DATA SUPPLIED:
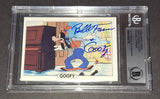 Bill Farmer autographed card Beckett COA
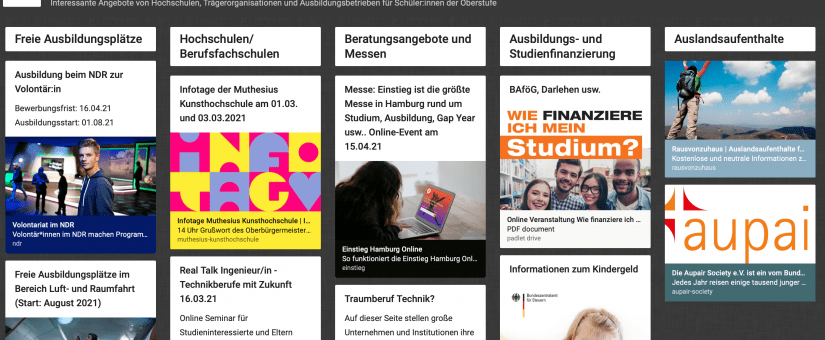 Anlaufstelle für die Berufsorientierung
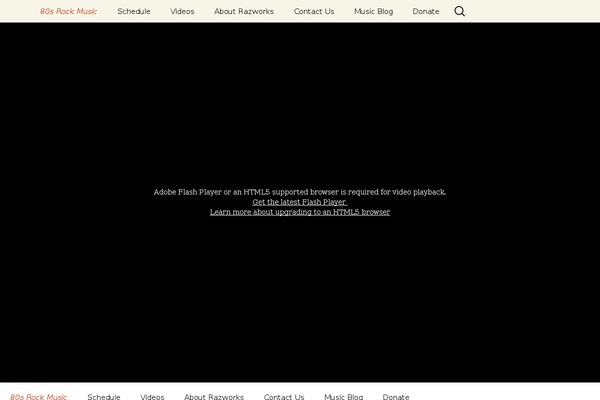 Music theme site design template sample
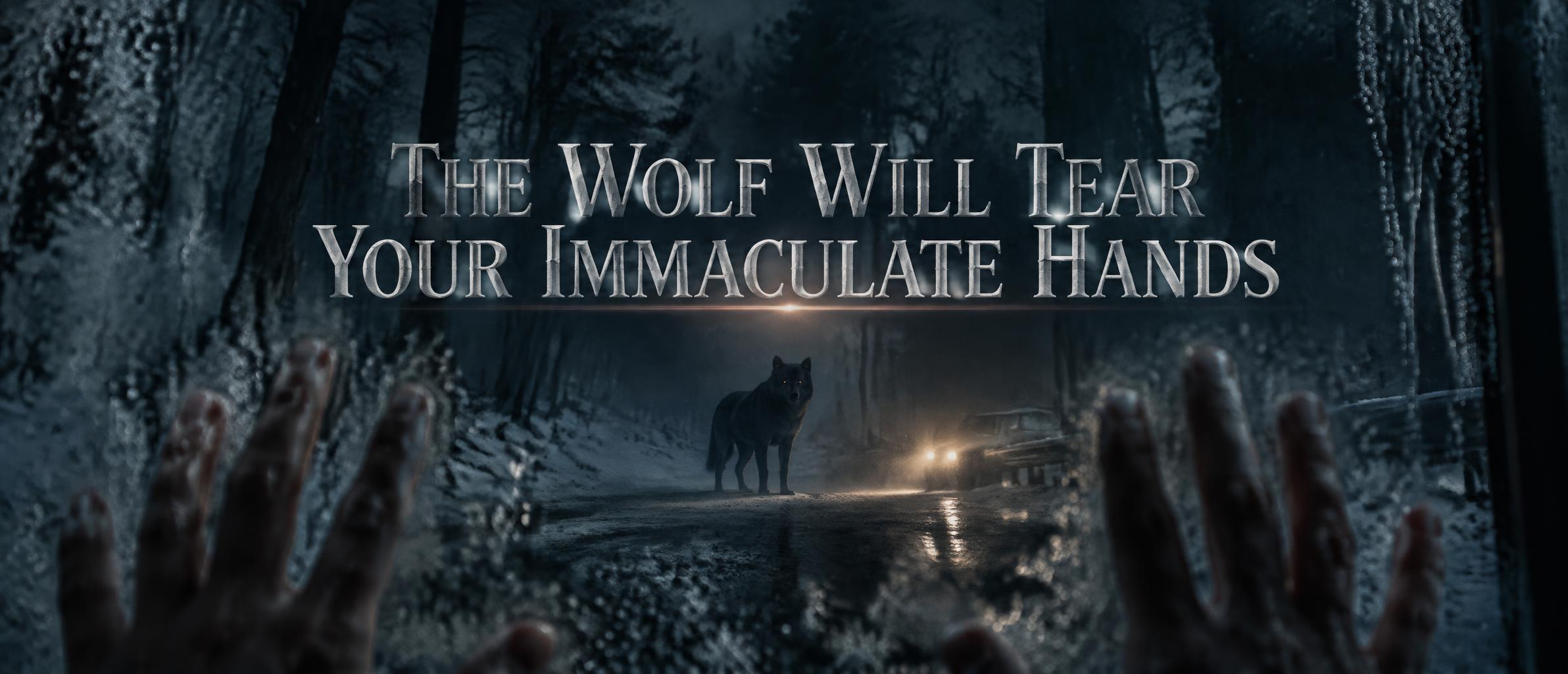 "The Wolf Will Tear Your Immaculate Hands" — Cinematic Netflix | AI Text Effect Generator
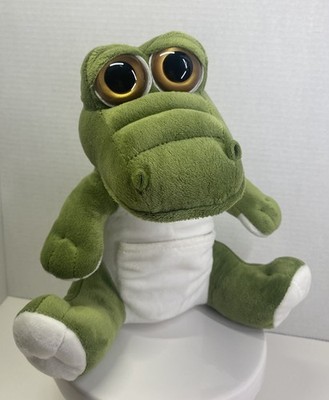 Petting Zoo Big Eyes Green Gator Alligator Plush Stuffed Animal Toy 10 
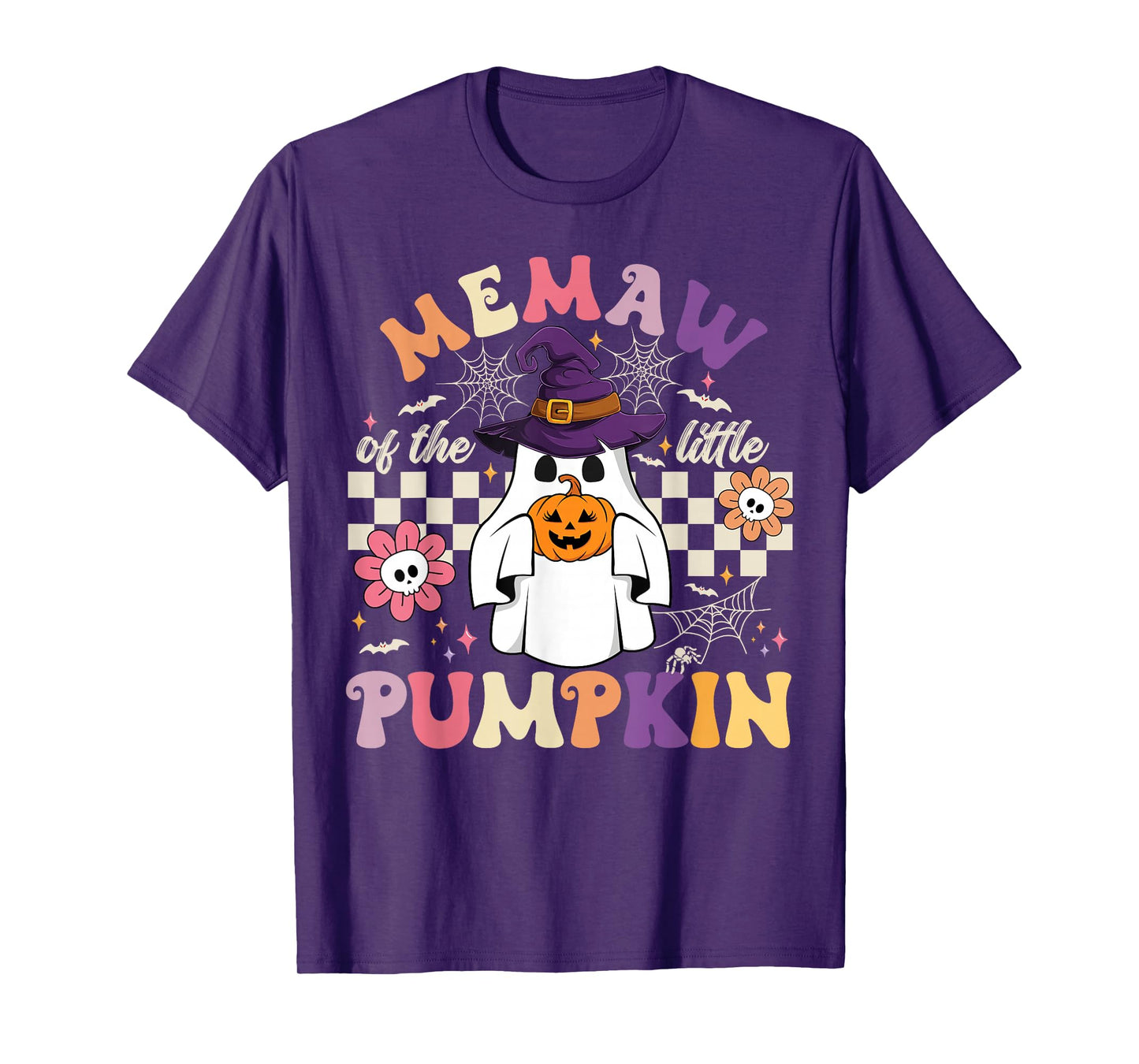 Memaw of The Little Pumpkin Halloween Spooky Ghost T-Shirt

PROBLEM STATEMENT:
The expected output is the full material above, unaltered, with pictures removed.

OUTPUT FOR THIS EXERCISE:
 Bill Farmer autographed card Beckett COA
 Anlaufstelle für die Berufsorientierung
 Music theme site design template sample
 "The Wolf Will Tear Your Immaculate Hands" — Cinematic Netflix | AI Text Effect Generator
 Petting Zoo Big Eyes Green Gator Alligator Plush Stuffed Animal Toy 10 
 Memaw of The Little Pumpkin Halloween Spooky Ghost T-Shirt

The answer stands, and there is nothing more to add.